Sunday, February 20, 2011

My Last Days of Baby Expertise

Kindergarten registration is coming soon. And I'm dreading it. Not only because it means that my last baby will be a school kid, but because Husband must be getting pretty old to have three kids in school (I haven't aged at all, of course.).

Actually, I'm dreading kindergarten registration because at our school it involves more paperwork to place a child in kindergarten than it did to birth them in the first place. I had an organ removed and there was less paperwork than signing my child up for public school. I had to write my phone number 10 times when I registered Justin for kindergarten (I counted).

So with the last days of pre-school motherhood dwindling, I decided it was time to share my parting thoughts on babies, potty training and tantrum handling. Soon I'll be like those poor women who used to approach me in my younger days of motherhood with awww how old is your baby? Mine are 12 and 15 now, sniff. What I didn't realize until recently is that they went home and did the No More Diapers happy dance.

While I'm still a mother of a pre-schooler and allowed to have opinions, here is my advice:

  • Breastfeed. I know some people who insist that their children get the best of everything but they denied them the best nutrition during their most critical months of life. (Even formula companies acknowledge this.) Plus, free breastmilk is always the right amount and the right temperature--and boobs wash up easily in the shower. Unfortunately, there will always be people like Anita Kelley-Powers
of Fairborn who wrote into the Dayton Daily News this week to compare public breastfeeding to public urination. To Anita Kelley-Powers I say, no one wants to watch you chew with your mouth open but YOU get to eat in public.

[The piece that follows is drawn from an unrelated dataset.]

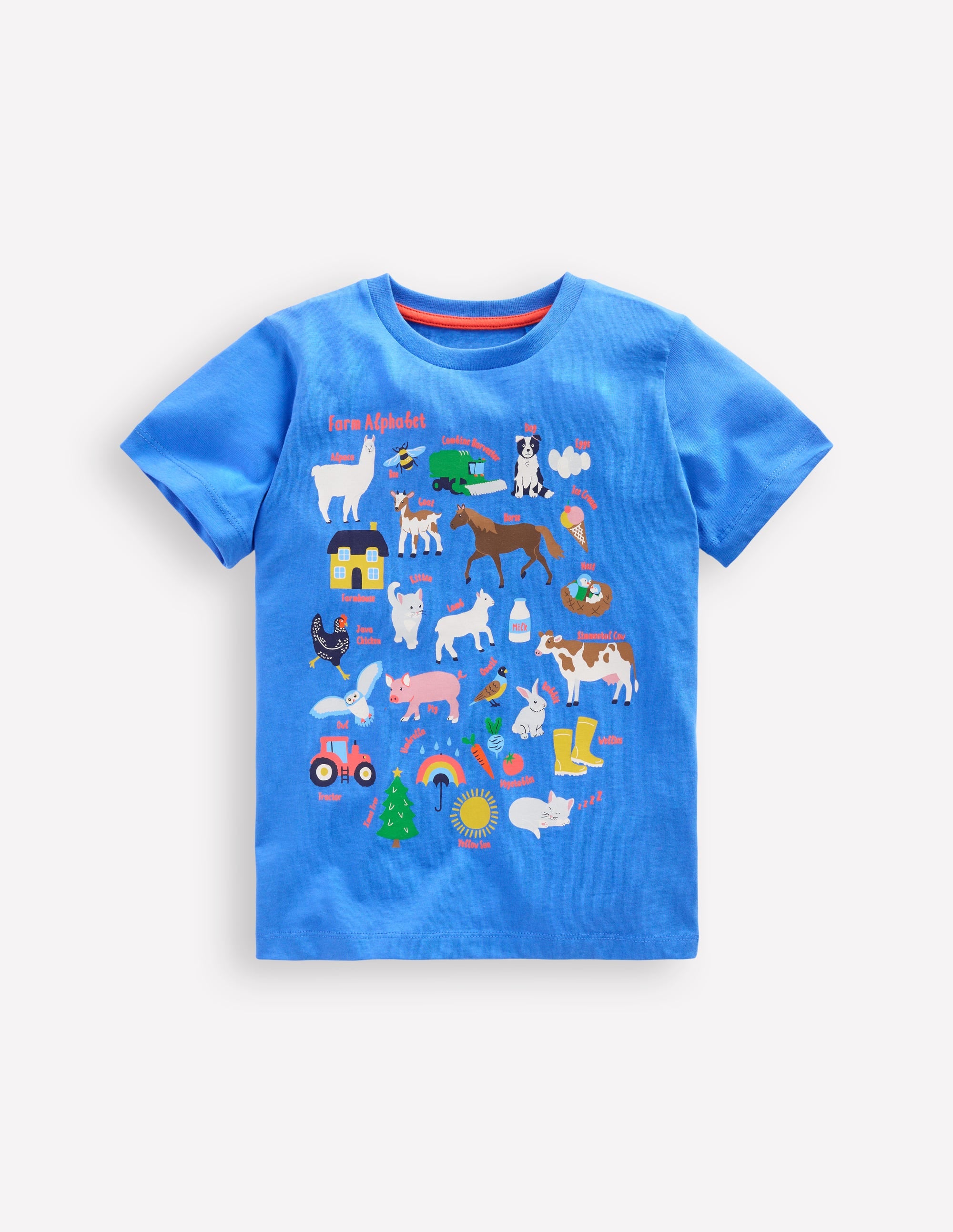 Short Sleeve Graphic T-shirt-Peacock Plume Blue Farm - Image 1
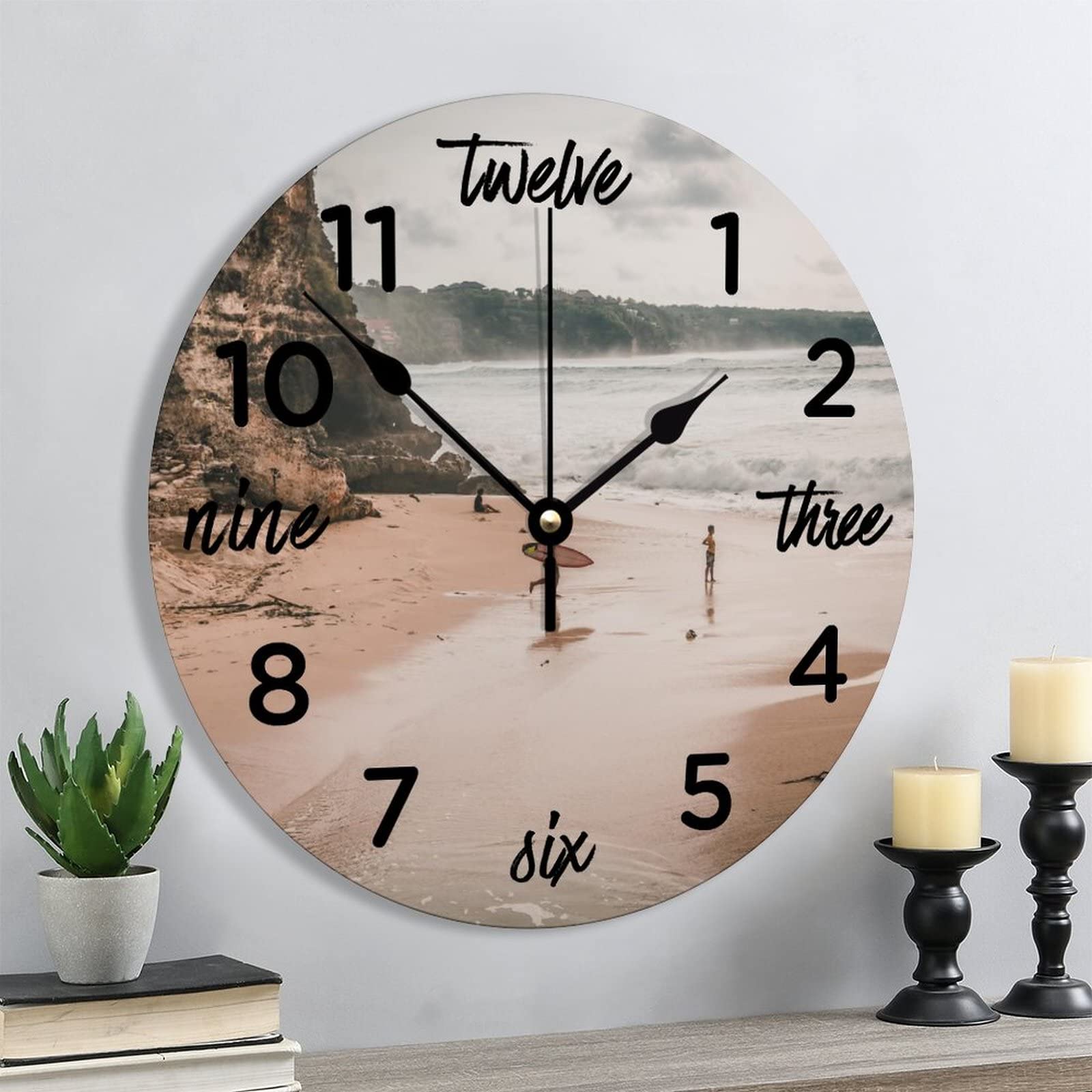 HLBSDM Horloge Murale Ronde Avec Boussole Nautique Vintage Et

  • Remember that expert advice about babies is often based on risk factors and not if you screw this up your baby will die immediately. Since this blog has become all about confessions lately I have another one: I let my babies sleep on their stomachs. And according to a New York Times article I just Googled titled aptly, A Quiet Revolt Against the Rules on SIDS, I'm not alone.

    The dirty little truth is that babies prefer to sleep on their stomachs. I was astonished to visit a friend and discover her back-sleeping baby couldn't stand to be on her stomach for even a moment. How was she going to learn to crawl or take cute little hand-on-chin photos at the mall, I wondered.

    Oh, and the freaky flat heads. From the NYT: Not only do many infants sleep better on their stomachs, they are much less likely to develop plagiocephaly, a deformation of the skull that leaves infants with flattened heads. Dr. Jeffrey H. Wisoff, an associate professor of neurosurgery and pediatrics at New York University Medical Center, said that since the Back to Sleep campaign began, the head condition had "become an epidemic."

  • Potty training sucks. My grandmother is over 80 and her youngest baby is nearly 60 but mention potty training and she gets a look like she just hung up her last cloth diaper yesterday--the pain is still fresh. To me, the most frustrating thing about potty training is you have no idea what actually works. Is it the sticker chart, the begging,  the songs, the tears of frustration, the potty Elmo (it was a gift so we thought, what the heck), the brand new Bob the Builder underpants? It just seems like one day they wake up (dry) and decide This is the Day I Shall Stop Soiling Myself. Part of me always wondered if that day was going to come whether I did anything or not to encourage it.

    Remember that pull-ups are both the friend and the enemy of potty training. They help prevent messes but really become the enabler of lazy toddlers who don't want to bother with the potty and their fathers who don't either.

  • Tantrums are preventable. Kids are crazy smart and believe that any publicity (attention) is good publicity.If tantrum becomes an effective way to get what they want, then I don't blame them for using it over and over as a tactic. Give them a quiet place to finish their flailing where no one is paying any attention to them. Act like you never even heard/don't remember their demands. I promise they will try something else.
The best child rearing advice I ever received was never say never. Don't look at someone else with their kid or read a book and declare I will NEVER do that with my kid. Because you will.

I'll conclude my final advice on pre-schoolers with another quote from the New York Times:
The role of the professional is to say 'these are the recommendations and this is why.' The role of the parent is to think critically and apply those recommendations in a way that makes their life manageable.

I'm off to do my No More Diapers happy dance now.


  1. Jennifer StebbinsFebruary 22, 2011

    Hi Holly,
    Maybe moms of teenagers are indeed doing the no-more-diaper happy dance, but I can assure you most of us are now doing the banging-our-heads-against-the-wall-I-have-a-teenager-in-the-house followup. They are alternately funny and sweet, then surly and rude. They either eat everything in sight or turn up their noses at the meals you slave to prepare. They obsess over their possession so they can leave them all over your home. And of course, they remind you that no matter your education, life experience, been there-done that, they know more than you.

  2. Your comment is a good reminder that while I have lots of parting advice for parents of young kids, I will be seeking LOTS of advice soon for the pre-teen and teen years.